„Wenn ich noch ein bisschen übe, kannst auch du sie lesen. Aber nur Übung macht den Meister und aller Anfang ist bekanntlich schwer.“ Yewan grinste übers ganze Gesicht, dann fiel sein Blick auf Neolyt und Neugier trat in seine Augen. Er stand auf und kam auf sie zu. Er musste mindestens drei Winter älter sein als sie und überragte sie um ungefähr anderthalb Köpfe.
„Ich bin Yewan“, erklärte er freundlich und streckte ihr die Hand entgegen.
„Neolyt“, entgegnete sie und schüttelte seine Hand.

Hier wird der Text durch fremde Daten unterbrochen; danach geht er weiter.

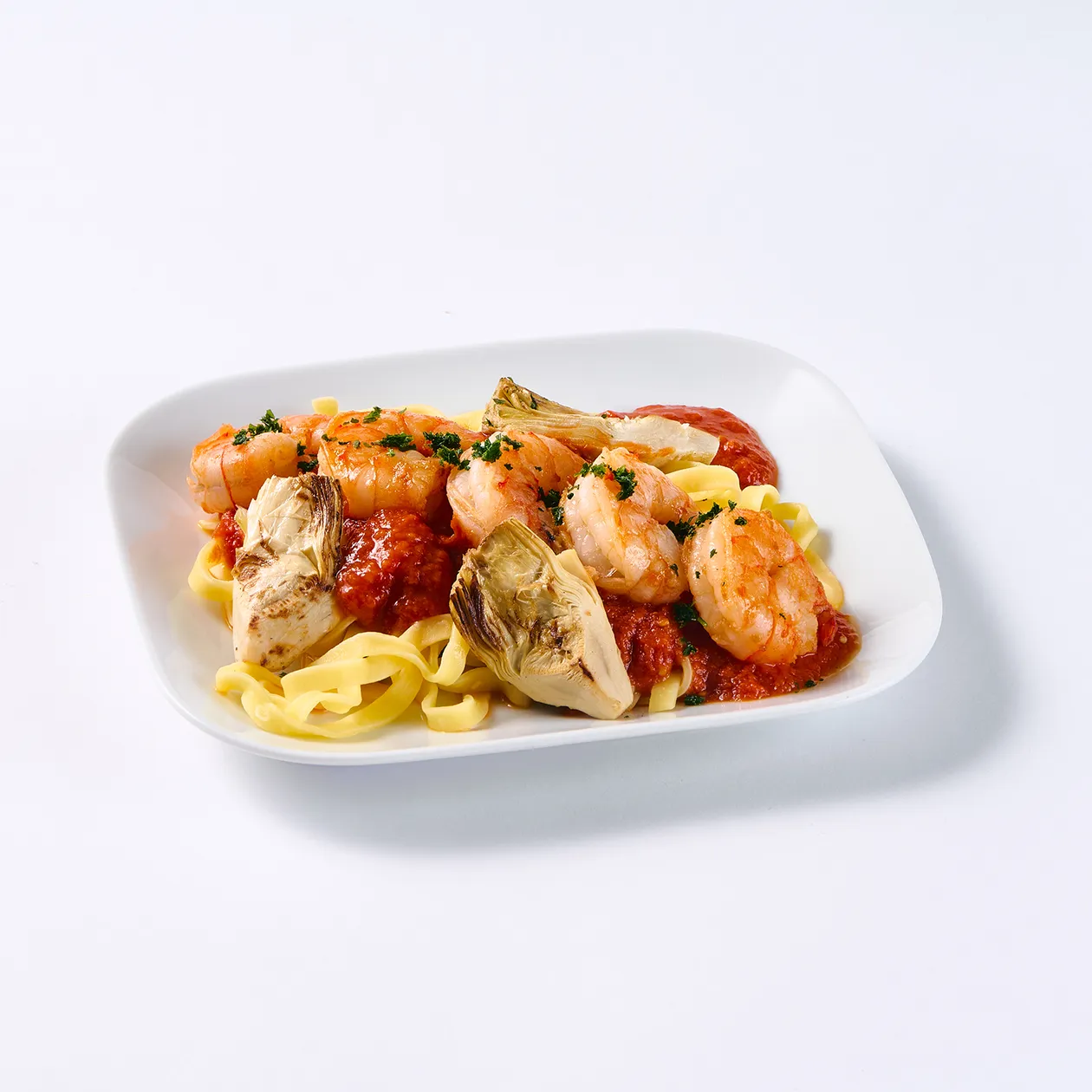 Prawns with tagliatelle pasta, tomato sauce, artichokes and parsley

„Sie wird jetzt auch meine Schülerin werden und vielleicht könnt ihr euch schon mal ein bisschen austauschen. Ich muss nur kurz schauen, wo noch ein Bett für sie frei ist. Bin gleich wieder da.“
Yewan grinste ihm hinterher und ließ sich wieder in den Sessel fallen.
„Das kann dauern. Setz dich doch.“ Er deutete auf den Sessel neben sich.

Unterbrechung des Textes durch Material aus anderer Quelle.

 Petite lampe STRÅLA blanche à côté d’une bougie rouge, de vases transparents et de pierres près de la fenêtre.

Neolyt ging hinüber. Sie versank so tief in dem weichen Polster, dass ihre Füße kaum noch den Boden berührten.
„Wie alt bist du?“, fragte der blonde Junge mit den blauen Augen. Er wirkte nett.
„Acht Winter. Und du?“
„Ich bin elf“, erwiderte Yewan ein wenig selbstzufrieden.
„Was machst du da?“, fragte sie und versuchte, einen Blick auf seine Notizen zu erhaschen.
„Ach, Hausaufgaben, die Deor mir aufgegeben hat. Er geht damit nicht gerade sparsam um.“ Abermals breitete sich ein Grinsen auf seinem Gesicht aus und Neolyt hatte das Gefühl, als wären seine Muskeln wie Gummis, die immer wieder in diese Position zurückkehrten. Aber das war gut so und deshalb grinste sie zurück.
„Seit wann unterrichtet dich Deor schon?“
„Weiß nicht genau, vielleicht ein reichliches Dreivierteljahr?“
Dann hatte Valria also vorhin von ihm gesprochen.
„Hat er noch andere Schüler?“
„Nicht mehr. Darain hat letztes Jahr die Prüfung abgelegt. Spitzenergebnisse, hab ich gehört.“ Er schnitt eine Grimasse und wirkte trotzdem noch nett. „Er war ein aufgeblasener Besserwisser“, stellte er fest. „Er wusste echt auf alle Fragen eine Antwort und jede freie Minute hat er hier rumgesessen und ein Buch nach dem anderen auswendig gelernt.“ In gespieltem Misstrauen kniff er die Augen zusammen. „Ich hoffe, du bist nicht auch so?“
Neolyt wurde wieder rot, eine nervige Angewohnheit ihres Gesichts.
„Ehrlich gesagt, weiß ich überhaupt nichts über Drachen und Magie und so. Ich … ich kann noch nicht einmal lesen.“
Yewan legte ihr seine Hand auf die Schulter.
„Hey, das ist doch nicht schlimm. Ich konnte auch nicht lesen, als ich zu den Reitern kam, und es ist zwar eine sauschwere Sache, das zu lernen, aber Deas ist ein wirklich guter Lehrer.“ Er lächelte und diesmal war darin nichts Schelmisches zu sehen.
„Gut, aber selbst wenn ich lesen kann, glaub ich nicht, dass ich die ganzen Bücher hier auswendig lernen werde.“ Sie ließ ihren Blick über die vielen hohen Regale gleiten.
„Nee. Ich reite lieber durch den Wald oder übe zu kämpfen.“
Neolyts Augen leuchteten auf. „Man lernt hier auch, wie man reitet und kämpft?“, fragte sie neugierig.
„Na, zu reiten sowieso, es heißt ja nicht umsonst Drachenreiter und Einhornreiter. Aber richtig zu kämpfen lernen nur die mit genügend Magiepotenzial – und die müssen sich dann auch noch dafür entscheiden, Kämpfer zu werden“, erklärte er ihr.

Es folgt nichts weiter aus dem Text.